Project

General

Profile

Actions

Bug #749

closed

double fault when nullmounting

Added by corecode over 17 years ago. Updated about 15 years ago.

Status:
Closed
Priority:
High
Assignee:
-
Category:
-
Target version:
-
Start date:
Due date:
% Done:

0%

Estimated time:

Description

hey,

I just got this double fault when I was doing some layered mounts:

Fatal double fault
eip=0xc034a27a
esp=0ce2426ffc
ebp=0xe2427000

...
trapwrite(0,c64e0760,0,0,0)

I'll look the symbols up. I guess that was a stack overflow, the second one.

This is a two processor hyperthreading Xeon (4 logical CPUs), SMP kernel.

The mounting was something like this:

server:/pbulk on /pbulk nfs
/dev/ad6s1b on /pbulk2 ufs
/pbulk2/root on /pbulk/root null
/pbulk2/clients on /pbulk/clients null
/pbulk/root on /pbulk/clients/subdir/root null,ro
/pbulk/clients/subdir/var on /pbulk/clients/subdir/root/var null
/pbulk/clients/subdir/tmp on /pbulk/clients/subdir/root/tmp null
/pbulk/clients/subdir/dev on /pbulk/clients/subdir/root/dev null
/pbulk/clients/subdir/usr.pkg on /pbulk/clients/subdir/root/usr/pkg null

there it paniced. however, I was doing that from a shell script, so maybe something unfinished before was doing it.
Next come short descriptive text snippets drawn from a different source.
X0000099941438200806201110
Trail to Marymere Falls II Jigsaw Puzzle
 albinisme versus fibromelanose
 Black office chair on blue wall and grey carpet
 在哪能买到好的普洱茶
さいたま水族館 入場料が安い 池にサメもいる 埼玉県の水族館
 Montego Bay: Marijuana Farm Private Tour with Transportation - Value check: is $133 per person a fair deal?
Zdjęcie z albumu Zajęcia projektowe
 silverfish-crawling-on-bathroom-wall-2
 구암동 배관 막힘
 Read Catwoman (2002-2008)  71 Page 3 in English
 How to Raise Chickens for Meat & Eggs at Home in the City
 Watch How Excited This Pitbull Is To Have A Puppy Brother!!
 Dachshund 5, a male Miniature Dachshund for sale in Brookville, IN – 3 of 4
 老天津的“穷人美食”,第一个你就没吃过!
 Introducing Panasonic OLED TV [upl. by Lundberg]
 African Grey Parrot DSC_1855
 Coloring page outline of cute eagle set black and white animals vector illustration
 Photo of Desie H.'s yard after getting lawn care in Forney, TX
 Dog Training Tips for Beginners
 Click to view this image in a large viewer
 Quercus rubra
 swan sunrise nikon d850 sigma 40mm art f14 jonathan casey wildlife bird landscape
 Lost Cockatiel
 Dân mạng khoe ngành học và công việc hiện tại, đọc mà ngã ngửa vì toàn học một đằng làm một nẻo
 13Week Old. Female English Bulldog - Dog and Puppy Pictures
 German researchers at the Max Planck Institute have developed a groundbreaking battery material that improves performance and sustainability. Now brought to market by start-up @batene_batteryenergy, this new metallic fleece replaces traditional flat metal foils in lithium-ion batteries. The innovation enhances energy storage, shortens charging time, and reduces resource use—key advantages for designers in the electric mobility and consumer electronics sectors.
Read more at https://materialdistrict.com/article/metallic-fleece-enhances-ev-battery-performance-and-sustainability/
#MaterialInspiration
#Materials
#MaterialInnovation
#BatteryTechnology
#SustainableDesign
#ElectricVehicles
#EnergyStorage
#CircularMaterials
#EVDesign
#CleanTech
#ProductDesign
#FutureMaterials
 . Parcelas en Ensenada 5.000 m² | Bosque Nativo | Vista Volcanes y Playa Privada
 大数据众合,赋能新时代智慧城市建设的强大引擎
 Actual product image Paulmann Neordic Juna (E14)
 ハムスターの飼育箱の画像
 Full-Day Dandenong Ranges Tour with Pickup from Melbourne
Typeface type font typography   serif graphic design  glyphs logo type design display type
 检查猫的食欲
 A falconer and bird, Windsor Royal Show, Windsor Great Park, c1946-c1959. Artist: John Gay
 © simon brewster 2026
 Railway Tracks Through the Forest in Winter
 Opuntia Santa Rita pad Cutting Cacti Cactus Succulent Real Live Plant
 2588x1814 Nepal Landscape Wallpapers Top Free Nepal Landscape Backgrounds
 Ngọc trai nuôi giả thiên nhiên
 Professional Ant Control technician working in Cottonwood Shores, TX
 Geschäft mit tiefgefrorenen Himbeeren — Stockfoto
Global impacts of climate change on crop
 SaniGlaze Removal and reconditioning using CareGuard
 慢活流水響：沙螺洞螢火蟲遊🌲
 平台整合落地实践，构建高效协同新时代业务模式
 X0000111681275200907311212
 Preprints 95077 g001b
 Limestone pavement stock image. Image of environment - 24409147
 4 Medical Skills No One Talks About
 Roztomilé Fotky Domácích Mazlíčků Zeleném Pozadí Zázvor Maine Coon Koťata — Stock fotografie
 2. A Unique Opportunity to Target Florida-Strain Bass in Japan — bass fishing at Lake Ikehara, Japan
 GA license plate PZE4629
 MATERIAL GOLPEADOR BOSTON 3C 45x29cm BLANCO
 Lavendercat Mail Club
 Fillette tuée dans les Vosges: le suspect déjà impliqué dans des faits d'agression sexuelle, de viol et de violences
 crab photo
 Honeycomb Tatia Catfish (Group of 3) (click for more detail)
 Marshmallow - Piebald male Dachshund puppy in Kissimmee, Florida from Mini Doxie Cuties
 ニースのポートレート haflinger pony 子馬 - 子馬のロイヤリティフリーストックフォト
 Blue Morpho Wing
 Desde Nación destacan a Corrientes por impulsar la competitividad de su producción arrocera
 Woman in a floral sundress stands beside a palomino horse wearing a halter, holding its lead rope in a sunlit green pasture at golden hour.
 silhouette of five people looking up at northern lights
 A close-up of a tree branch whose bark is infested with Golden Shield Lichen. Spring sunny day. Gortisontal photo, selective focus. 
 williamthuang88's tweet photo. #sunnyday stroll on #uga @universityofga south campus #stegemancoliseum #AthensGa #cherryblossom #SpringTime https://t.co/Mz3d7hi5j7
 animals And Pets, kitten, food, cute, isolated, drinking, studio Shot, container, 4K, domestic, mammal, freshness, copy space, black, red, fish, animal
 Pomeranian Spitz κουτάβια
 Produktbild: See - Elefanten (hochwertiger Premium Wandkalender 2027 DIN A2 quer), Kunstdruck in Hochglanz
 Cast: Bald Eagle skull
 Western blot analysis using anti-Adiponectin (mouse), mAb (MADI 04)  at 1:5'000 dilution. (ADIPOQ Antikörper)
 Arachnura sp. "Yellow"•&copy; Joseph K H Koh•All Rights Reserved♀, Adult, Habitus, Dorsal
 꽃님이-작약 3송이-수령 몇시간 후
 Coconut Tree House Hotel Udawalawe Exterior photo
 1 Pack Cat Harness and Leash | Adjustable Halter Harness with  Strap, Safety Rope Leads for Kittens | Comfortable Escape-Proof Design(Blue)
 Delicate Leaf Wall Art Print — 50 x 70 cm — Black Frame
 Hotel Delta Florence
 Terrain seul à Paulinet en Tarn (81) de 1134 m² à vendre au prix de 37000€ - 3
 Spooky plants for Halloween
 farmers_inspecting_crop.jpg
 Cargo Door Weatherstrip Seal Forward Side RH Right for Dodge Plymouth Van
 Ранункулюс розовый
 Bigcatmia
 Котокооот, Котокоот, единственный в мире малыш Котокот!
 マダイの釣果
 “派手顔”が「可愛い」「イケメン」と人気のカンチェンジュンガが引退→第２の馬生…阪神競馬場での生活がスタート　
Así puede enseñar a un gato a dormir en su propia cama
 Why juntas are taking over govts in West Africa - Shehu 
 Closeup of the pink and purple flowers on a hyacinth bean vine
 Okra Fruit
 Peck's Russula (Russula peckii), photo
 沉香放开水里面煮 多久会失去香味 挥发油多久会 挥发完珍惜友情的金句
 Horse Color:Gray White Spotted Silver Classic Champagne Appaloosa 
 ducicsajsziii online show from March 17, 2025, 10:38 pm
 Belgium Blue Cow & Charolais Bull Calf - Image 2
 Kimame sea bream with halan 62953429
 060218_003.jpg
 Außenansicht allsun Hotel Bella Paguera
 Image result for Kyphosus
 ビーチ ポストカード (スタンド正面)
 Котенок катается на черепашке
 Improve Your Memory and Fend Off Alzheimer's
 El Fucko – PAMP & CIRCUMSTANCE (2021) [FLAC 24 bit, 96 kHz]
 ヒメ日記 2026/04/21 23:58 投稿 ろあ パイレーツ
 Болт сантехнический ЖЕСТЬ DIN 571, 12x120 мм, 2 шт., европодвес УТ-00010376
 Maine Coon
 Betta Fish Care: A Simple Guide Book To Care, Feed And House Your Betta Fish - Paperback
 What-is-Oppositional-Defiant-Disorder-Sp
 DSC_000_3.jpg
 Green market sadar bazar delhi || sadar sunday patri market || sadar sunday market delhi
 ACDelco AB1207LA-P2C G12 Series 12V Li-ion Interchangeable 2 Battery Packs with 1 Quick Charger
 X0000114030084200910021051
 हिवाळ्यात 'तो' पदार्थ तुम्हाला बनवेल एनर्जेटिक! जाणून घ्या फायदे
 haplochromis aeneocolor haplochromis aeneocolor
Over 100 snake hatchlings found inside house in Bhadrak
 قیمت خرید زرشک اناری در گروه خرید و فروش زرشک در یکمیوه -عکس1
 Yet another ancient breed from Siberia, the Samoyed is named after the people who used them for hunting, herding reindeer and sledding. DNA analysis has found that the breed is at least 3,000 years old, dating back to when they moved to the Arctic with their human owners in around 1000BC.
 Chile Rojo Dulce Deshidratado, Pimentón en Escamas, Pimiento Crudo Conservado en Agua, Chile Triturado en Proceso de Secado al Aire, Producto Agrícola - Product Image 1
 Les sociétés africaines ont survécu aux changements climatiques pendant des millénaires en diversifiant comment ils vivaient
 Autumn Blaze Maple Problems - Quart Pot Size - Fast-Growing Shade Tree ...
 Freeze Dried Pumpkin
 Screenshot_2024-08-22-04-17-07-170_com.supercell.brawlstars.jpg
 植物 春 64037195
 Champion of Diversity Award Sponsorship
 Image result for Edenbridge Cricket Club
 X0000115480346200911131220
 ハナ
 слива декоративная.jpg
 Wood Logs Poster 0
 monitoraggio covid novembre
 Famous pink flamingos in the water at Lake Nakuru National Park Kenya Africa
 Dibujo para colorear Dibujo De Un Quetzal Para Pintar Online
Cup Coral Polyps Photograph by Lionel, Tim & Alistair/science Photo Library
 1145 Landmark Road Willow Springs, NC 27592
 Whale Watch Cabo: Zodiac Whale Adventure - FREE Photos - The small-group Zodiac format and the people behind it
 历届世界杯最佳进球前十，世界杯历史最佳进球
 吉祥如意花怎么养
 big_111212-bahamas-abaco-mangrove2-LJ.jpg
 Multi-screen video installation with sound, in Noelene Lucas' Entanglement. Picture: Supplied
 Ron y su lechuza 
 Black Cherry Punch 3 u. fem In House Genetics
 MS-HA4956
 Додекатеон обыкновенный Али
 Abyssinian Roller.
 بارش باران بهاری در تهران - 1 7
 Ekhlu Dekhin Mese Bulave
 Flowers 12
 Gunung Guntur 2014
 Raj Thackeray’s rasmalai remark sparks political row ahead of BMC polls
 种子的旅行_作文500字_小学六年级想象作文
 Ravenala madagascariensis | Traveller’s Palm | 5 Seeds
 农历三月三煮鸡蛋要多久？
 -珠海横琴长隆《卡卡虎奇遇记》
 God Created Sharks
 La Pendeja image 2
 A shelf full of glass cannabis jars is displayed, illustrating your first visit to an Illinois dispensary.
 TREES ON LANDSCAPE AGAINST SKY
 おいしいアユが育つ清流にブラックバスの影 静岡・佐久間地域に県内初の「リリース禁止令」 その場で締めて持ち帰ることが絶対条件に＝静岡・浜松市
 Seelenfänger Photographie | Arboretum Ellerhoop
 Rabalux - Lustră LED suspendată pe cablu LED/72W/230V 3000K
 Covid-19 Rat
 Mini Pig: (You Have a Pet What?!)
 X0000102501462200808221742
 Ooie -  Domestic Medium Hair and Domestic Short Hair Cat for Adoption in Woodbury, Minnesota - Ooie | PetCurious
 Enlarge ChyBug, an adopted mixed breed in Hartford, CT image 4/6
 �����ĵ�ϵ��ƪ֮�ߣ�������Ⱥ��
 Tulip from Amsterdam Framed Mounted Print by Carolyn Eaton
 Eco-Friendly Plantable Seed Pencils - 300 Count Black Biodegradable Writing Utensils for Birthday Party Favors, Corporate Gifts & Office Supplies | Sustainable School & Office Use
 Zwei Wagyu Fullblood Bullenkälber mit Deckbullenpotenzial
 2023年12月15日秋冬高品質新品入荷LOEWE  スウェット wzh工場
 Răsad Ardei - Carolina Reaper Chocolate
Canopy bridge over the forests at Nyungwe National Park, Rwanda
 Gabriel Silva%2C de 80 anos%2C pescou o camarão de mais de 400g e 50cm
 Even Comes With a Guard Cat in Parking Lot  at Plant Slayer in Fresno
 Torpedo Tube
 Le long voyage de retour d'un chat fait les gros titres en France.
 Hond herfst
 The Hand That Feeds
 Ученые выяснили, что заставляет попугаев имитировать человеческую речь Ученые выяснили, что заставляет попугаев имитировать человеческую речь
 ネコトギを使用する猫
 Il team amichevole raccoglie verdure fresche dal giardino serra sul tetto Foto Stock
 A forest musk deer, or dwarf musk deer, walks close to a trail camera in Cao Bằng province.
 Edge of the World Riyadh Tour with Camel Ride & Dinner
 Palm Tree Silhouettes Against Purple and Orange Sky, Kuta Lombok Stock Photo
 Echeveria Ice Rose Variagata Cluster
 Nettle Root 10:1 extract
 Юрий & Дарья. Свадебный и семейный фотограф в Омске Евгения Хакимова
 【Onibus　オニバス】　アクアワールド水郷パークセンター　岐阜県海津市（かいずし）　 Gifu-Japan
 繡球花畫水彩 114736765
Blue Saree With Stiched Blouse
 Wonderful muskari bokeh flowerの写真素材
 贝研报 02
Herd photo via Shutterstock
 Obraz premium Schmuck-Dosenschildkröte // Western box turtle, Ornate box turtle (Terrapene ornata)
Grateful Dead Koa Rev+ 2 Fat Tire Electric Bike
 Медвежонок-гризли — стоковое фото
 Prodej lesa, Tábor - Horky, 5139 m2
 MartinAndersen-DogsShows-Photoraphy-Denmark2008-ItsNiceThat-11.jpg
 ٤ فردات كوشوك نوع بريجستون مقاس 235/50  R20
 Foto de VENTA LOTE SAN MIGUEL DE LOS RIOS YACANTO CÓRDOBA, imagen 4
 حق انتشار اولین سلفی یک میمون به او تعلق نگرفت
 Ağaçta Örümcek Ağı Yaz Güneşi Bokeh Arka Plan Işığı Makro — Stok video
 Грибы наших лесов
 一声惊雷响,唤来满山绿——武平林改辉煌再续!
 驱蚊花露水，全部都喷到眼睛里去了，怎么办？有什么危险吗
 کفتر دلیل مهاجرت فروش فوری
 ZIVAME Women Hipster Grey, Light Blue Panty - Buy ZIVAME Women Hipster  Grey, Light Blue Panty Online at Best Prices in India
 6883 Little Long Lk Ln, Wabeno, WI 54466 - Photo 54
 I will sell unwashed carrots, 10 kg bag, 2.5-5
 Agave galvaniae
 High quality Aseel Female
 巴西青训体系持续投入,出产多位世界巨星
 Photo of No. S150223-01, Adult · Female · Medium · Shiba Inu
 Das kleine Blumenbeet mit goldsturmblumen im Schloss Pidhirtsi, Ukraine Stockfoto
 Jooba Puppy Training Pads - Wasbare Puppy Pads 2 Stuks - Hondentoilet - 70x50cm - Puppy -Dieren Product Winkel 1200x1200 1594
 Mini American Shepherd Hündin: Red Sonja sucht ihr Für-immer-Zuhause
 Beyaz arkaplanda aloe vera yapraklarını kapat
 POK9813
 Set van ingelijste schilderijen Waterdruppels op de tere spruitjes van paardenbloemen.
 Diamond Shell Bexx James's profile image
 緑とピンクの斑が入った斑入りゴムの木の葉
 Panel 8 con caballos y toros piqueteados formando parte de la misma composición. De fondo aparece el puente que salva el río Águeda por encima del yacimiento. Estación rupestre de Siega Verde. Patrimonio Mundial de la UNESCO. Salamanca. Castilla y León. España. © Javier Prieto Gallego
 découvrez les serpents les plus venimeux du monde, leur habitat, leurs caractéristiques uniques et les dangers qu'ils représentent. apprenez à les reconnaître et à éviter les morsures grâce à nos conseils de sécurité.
This was kind of reproducable: I did the same sequence one time before and the box just rebooted.

I probably won't be able to reproduce this because the machine is part of a cluster of our lab and it is in a server room, meaning other people want to use it, it is cold there, I have other stuff to do :/

cheers
simon

Actions #1

Updated by dillon over 18 years ago

:hey,
:
:I just got this double fault when I was doing some layered mounts:
:
:Fatal double fault
:eip=0xc034a27a
:esp=0ce2426ffc
:ebp=0xe2427000
:
:...
:trapwrite(0,c64e0760,0,0,0)
:
:I'll look the symbols up. I guess that was a stack overflow, the second one.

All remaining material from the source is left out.